El agua, desde los albores de la historia, se ha considerado —y de hecho lo es— un sustento vital y signo de vida, ya que sin ella no podemos existir, y aunque parezca una afirmación tan básica y obvia, últimamente nos venimos enfrentando a situaciones que, en la práctica, desconocen este bien como un derecho fundamental para la subsistencia del ser humano.
Es tan importante el agua, que también las diferentes creencias y religiones la sitúan como un elemento que refiere a la divinidad como centro de la vida. En la Biblia, por ejemplo, hay muchas expresiones metafóricas que aluden a la sed con la que buscamos a Dios: “mi alma tiene sed de ti…como tierra reseca, agostada, sin agua” (cf. sal 62,2). El agua sacia la sed, Dios sacia nuestros anhelos de plenitud y trascendencia.

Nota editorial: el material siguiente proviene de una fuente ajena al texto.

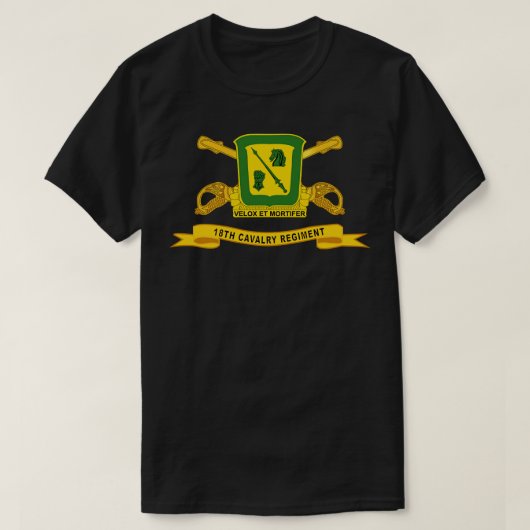 18. Cavalry Regiment w Br Ribbon T-Shirt (Design vorne)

También Jesús habla de sí mismo, en estos términos en el Evangelio de Juan: “el que beba del agua que yo le daré, nunca más volverá a tener sed” (cf. Jn 4,14). “El que tenga sed, venga a mí; y beba” (cf. Jn 7,37). El agua es un bien imprescindible y vital, cada persona necesita calmar su sed en el cuerpo y en el espíritu, pero si somos privados del agua material, es casi imposible que podamos ir en busca de esa agua que nos ofrece trascendencia.
En nuestro país, el agua se define como un bien nacional de uso público. Sin embargo, tanto la Constitución Política en el Art. 19, Nº 24 y el Código de Aguas, permiten al Estado el traspaso de sus derechos de agua a privados sin restricciones temporales ni tampoco formas de uso. Esto ha dado lugar a que seamos un país donde las aguas están casi completamente privatizadas, y a la posibilidad de que los dueños de estos derechos sobre el agua puedan lucrar de ella libremente en el mercado.
Lamentablemente, las consecuencias de estas políticas en relación con el agua, donde unos pocos pueden gozar y lucrar de la misma en desmedro del necesario y vital uso de la población, nos sigue mostrando la tremenda desigualdad que ha sido parte de los reclamos durante el Estallido Social; porque no se puede comprender que en Petorca, por ejemplo, la sobreexplotación del recurso, y la falta de un marco regulatorio que ponga límites en el uso y propiedad de las aguas, tengan a toda una provincia carente de este elemento vital.
Tampoco se comprende que a raíz de los trabajos en una central hidroeléctrica en la zona de San José de Maipo, el abastecimiento de agua para Santiago se vea en muchos momentos en peligro. ¿No es acaso el agua un derecho humano que debiera quedar consagrado con preeminencia a todo interés del mercado?
Lo que parece obvio, en nuestro país no lo es. Por eso tengo esperanza en que la nueva Constitución establezca claramente este derecho, de manera, que poco a poco, la abismante desigualdad entre los chilenos vaya dando paso a políticas que tengan en cuenta el bien de todos sin distinciones, para que el acceso al agua —pese al cambio climático que ya nos aqueja— no sea una dificultad para ninguna persona, y podamos también, una vez satisfecha esta necesidad, pensar y desear esa otra agua que sacia toda sed: Jesús.